▶ Assignment:
From the first line of the data below, copy each line up to the one containing "כיצד מבדילים בין פרפר ועש? יוחאי", and include that line too.

▶ Input data:
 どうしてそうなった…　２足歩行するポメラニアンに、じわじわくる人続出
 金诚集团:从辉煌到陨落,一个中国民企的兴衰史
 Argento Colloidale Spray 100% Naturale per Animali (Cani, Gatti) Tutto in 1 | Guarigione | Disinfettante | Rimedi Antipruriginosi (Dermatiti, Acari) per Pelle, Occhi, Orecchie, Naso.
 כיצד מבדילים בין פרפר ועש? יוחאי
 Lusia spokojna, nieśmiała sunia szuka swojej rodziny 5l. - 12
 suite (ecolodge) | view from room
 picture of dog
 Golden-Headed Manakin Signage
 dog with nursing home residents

▶ Task response:
 どうしてそうなった…　２足歩行するポメラニアンに、じわじわくる人続出
 金诚集团:从辉煌到陨落,一个中国民企的兴衰史
 Argento Colloidale Spray 100% Naturale per Animali (Cani, Gatti) Tutto in 1 | Guarigione | Disinfettante | Rimedi Antipruriginosi (Dermatiti, Acari) per Pelle, Occhi, Orecchie, Naso.
 כיצד מבדילים בין פרפר ועש? יוחאי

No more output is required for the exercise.